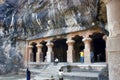 Mumbai, India - October 23, 2018: Cave Temple on Elephanta Island, UNESCO World Heritage Site, Bombay in Maharasthra State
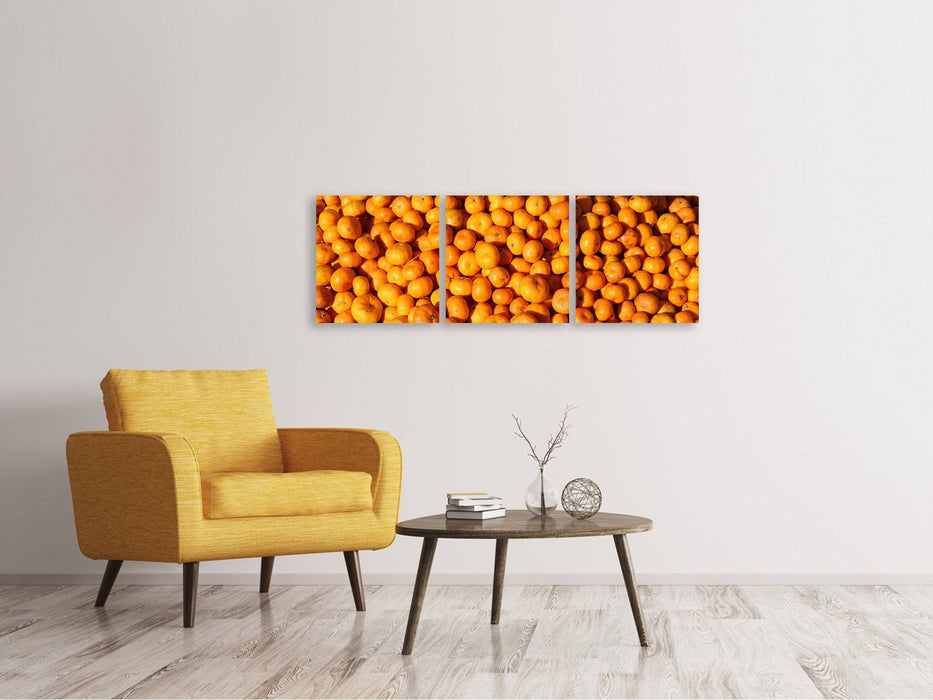 Panoramic 3-piece canvas picture Fresh tangerines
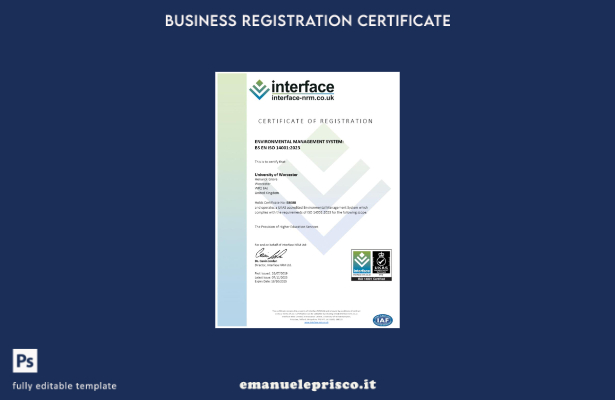 certificato di registrazione dell'interfaccia britannica in stile verificato Mod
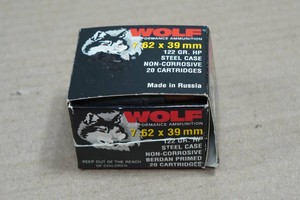 20 Wolf 7.62 x 39mm 122 Gr HP Steel Case Ammo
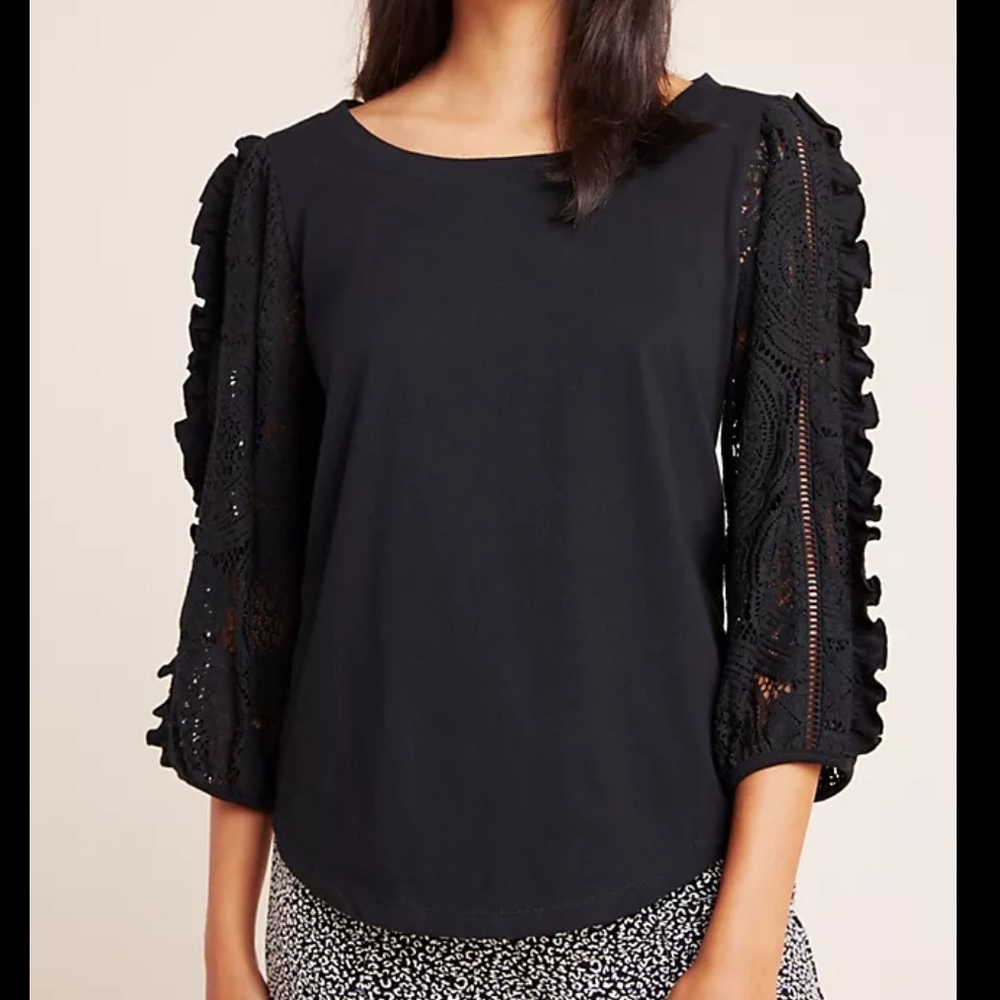 Anthropologie Nina Black Lace Sleeve Top Sz S
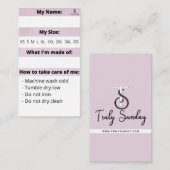 Draagbare zondag - Product-ID Notitiekaartje (Voorkant / Achterkant)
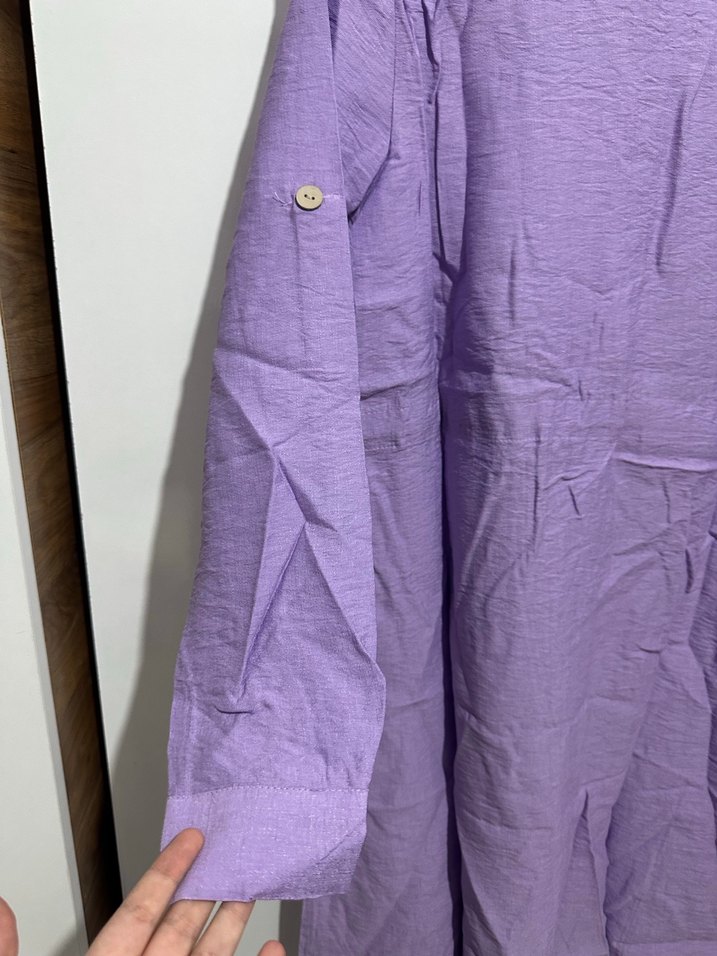 Uzun Kollu Mor Gömlek Elbise - Görsel 5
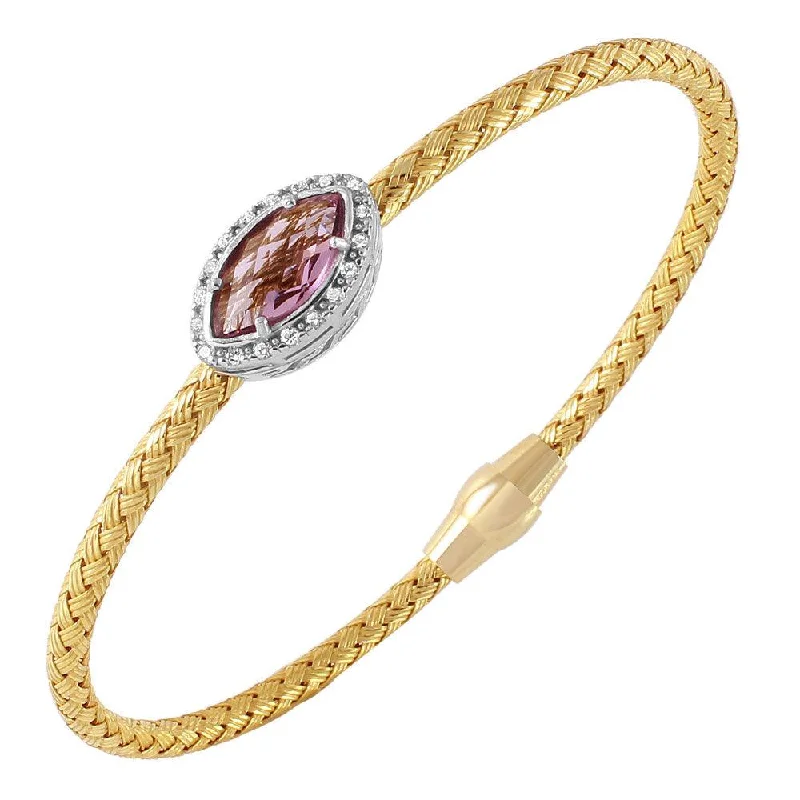 Ladies Bracelets with Clear Zircon-Ladies Midnight Black Bracelets -Clearance-Silver 925 Gold Plated Twisted Purple CZ Stone Bangle Bracelet - ECB00039YA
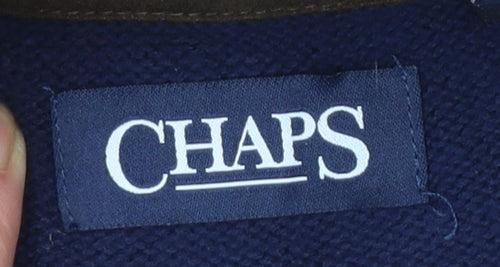 Chaps Men's Blue Cotton Full Zip Sleeveless Knit Vest XL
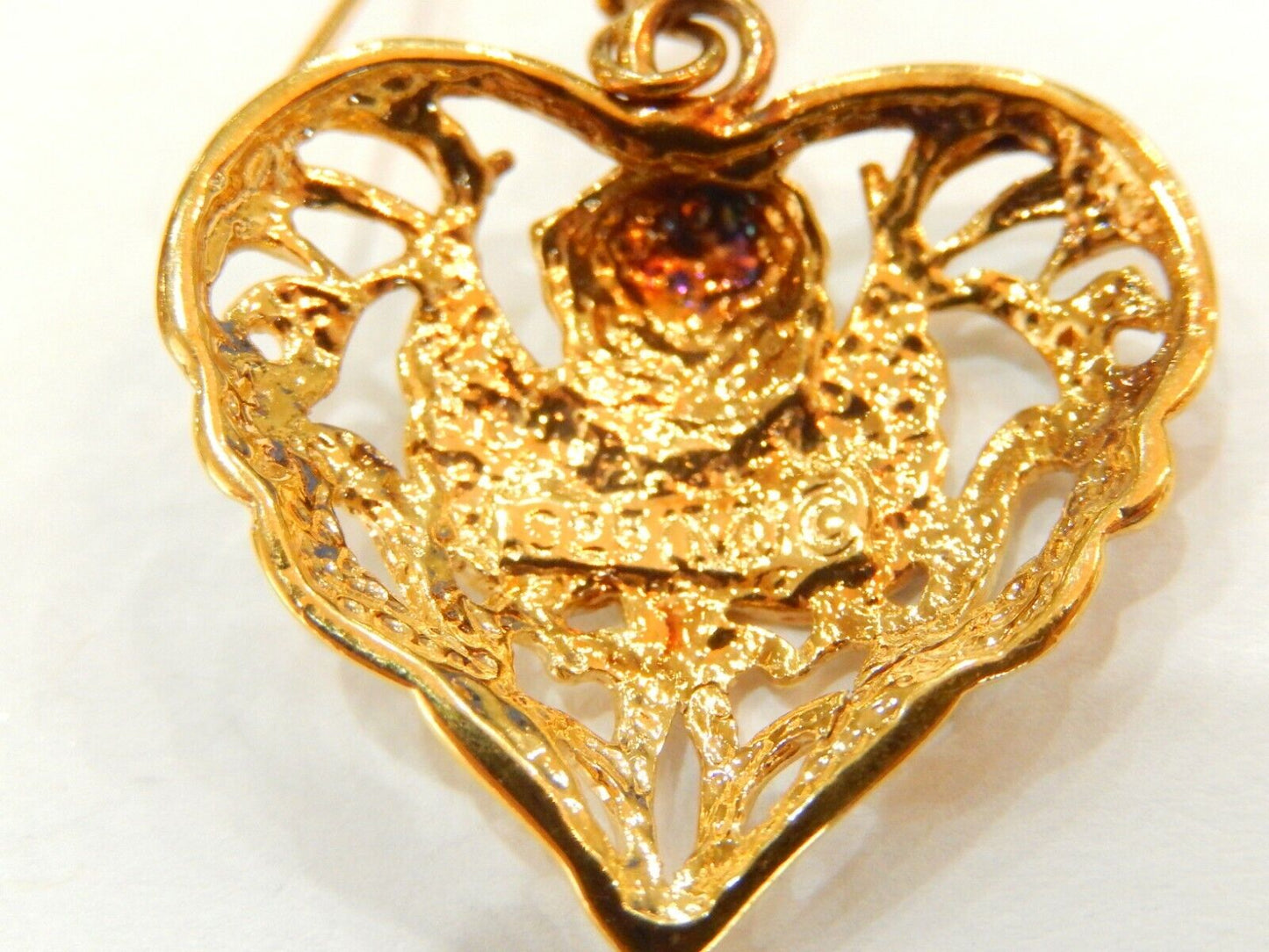 14K Yellow Gold Vermeil Sterling Angel Heart Hook Earrings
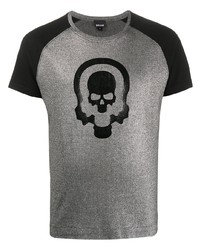 T-shirt girocollo stampata argento di Just Cavalli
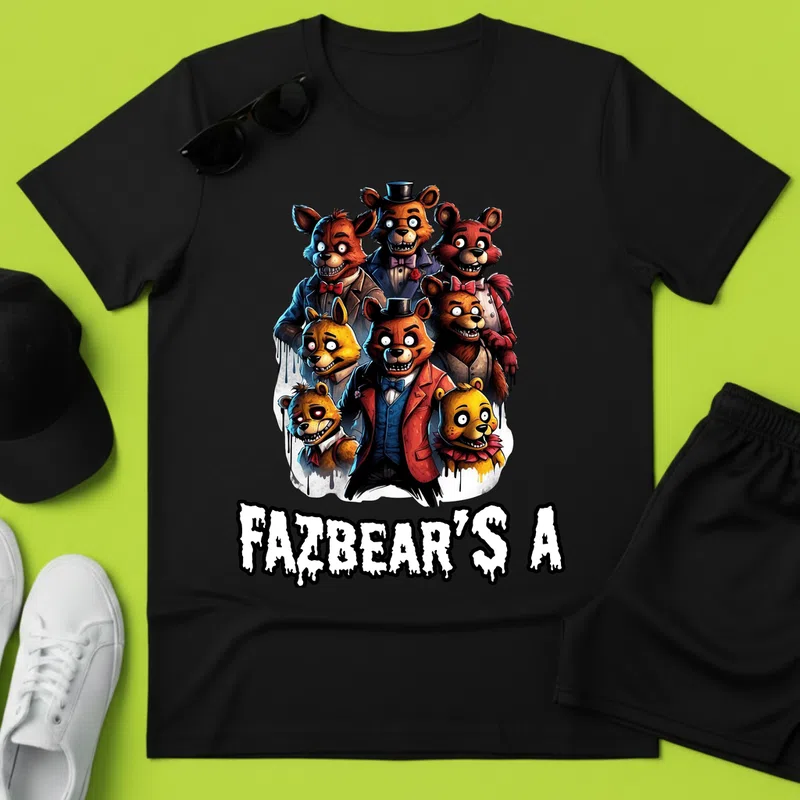 FAZBEAR'S A horror macik retro Gamer - Férfi póló - Fekete - Gamer - altalanos-gamer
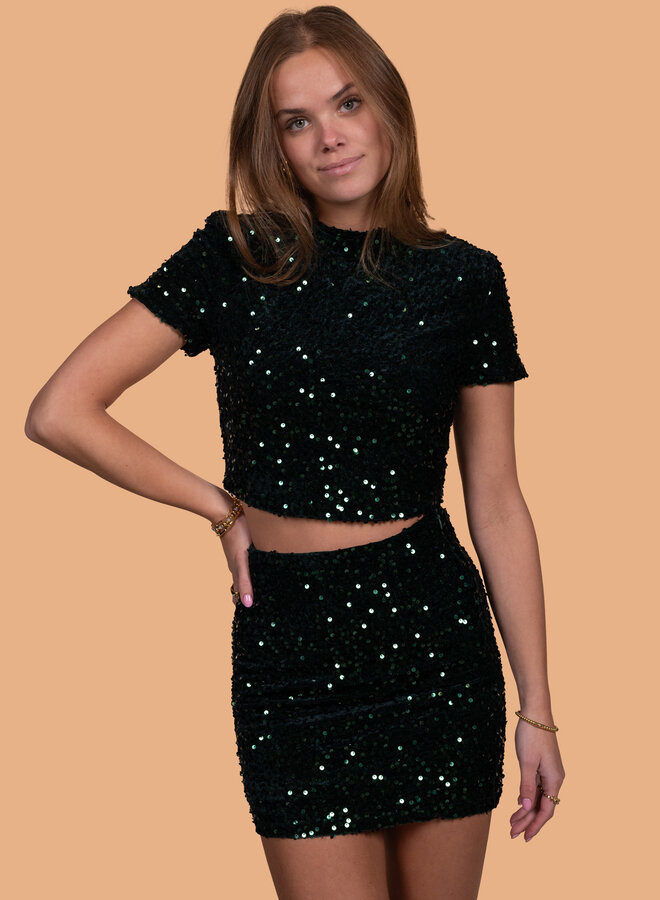Korte groene pailetten top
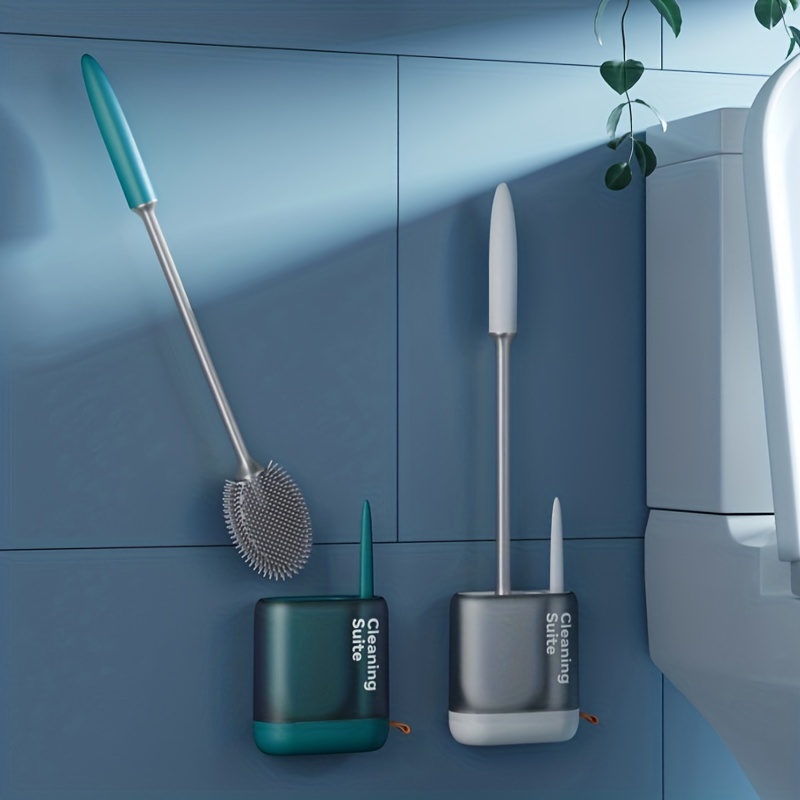 Soft Rubber Toilet Brush, Household With Base Top Wall Toilet Long Handle  No Dead Corner Cleaning Brush, Double Brush Set - Temu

==================================================

- **What is expected**
The required answer is the lines from the one that contains "14K Yellow Gold" through the last line of the records, restated word for word, with every picture dropped.

- **Output of the task**
 14K Yellow Gold Vermeil Sterling Angel Heart Hook Earrings
 T-shirt girocollo stampata argento di Just Cavalli
 FAZBEAR'S A horror macik retro Gamer - Férfi póló - Fekete - Gamer - altalanos-gamer
Korte groene pailetten top
 Soft Rubber Toilet Brush, Household With Base Top Wall Toilet Long Handle  No Dead Corner Cleaning Brush, Double Brush Set - Temu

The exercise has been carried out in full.